==== Data under study ====

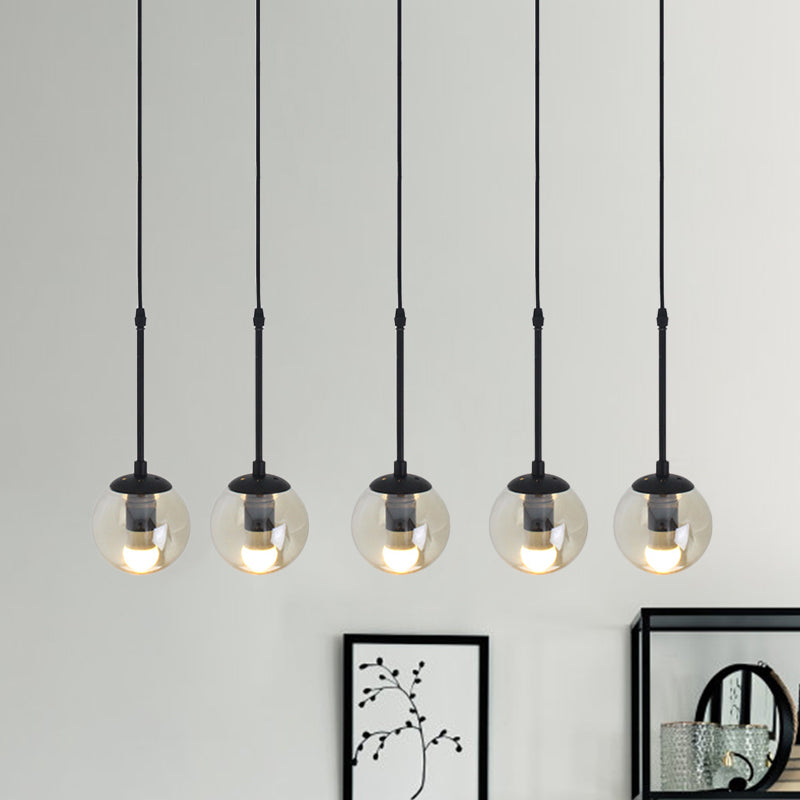 Minimalist Clear Glass Black Pendant Light With Clustered Globes - Industrial Hanging Lamp Kit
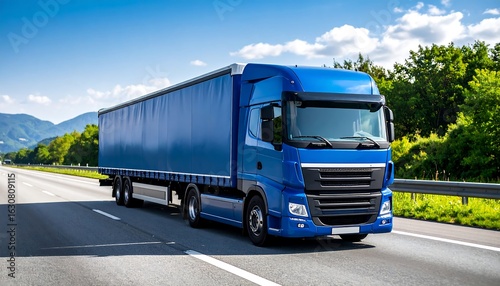 Blue truck on highway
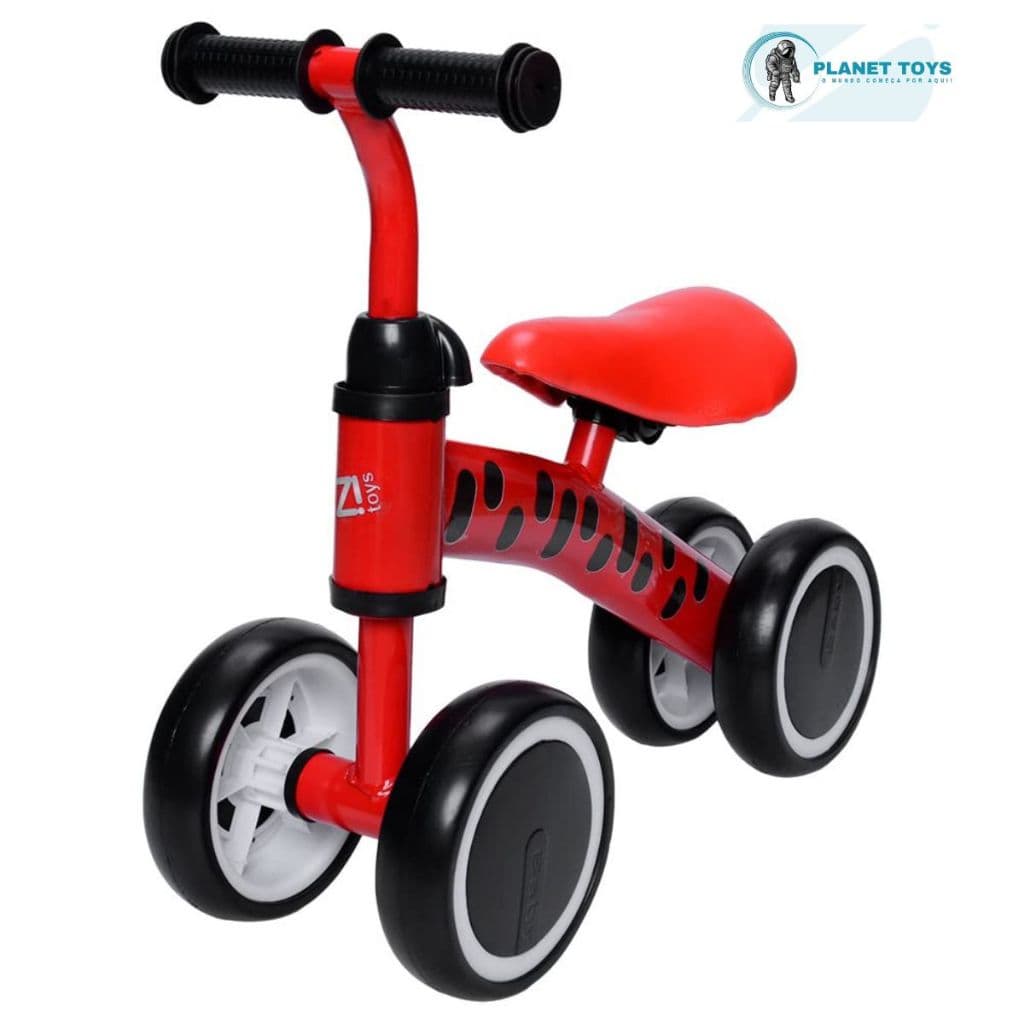 Andador Bicicleta de Equilíbrio Infantil Vermelho Zippy Toys Balance sem Pedal e Banco Ajustável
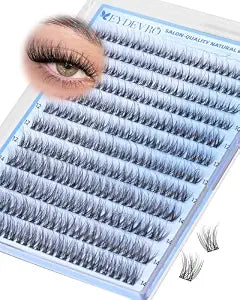 EYDEVRO Wispy Lash Clusters, Natural Fluffy Eyelash Clusters Salon-quality DIY Lash Extensions Cluster Eyelash Extensions 10mm-12mm-14mm Short Cluster Lashes Waterproof Reusable Soft Thin Band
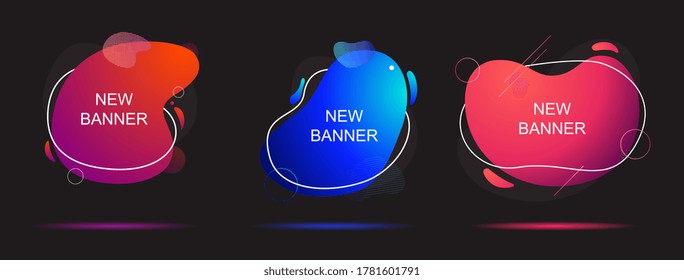 Set of three vivid liquid color geometric shapes with frames and copyspace for New Banner text on a black background, colored vector illustration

====

What the task requires - Omit the pictures. Print, word for word, the lines from the beginning of the entries above through the line that holds "EYDEVRO Wispy Lash".

Exercise output -
 Minimalist Clear Glass Black Pendant Light With Clustered Globes - Industrial Hanging Lamp Kit
 Blue truck on highway
 Andador Bicicleta de Equilíbrio Infantil Vermelho Zippy Toys Balance sem Pedal e Banco Ajustável
 EYDEVRO Wispy Lash Clusters, Natural Fluffy Eyelash Clusters Salon-quality DIY Lash Extensions Cluster Eyelash Extensions 10mm-12mm-14mm Short Cluster Lashes Waterproof Reusable Soft Thin Band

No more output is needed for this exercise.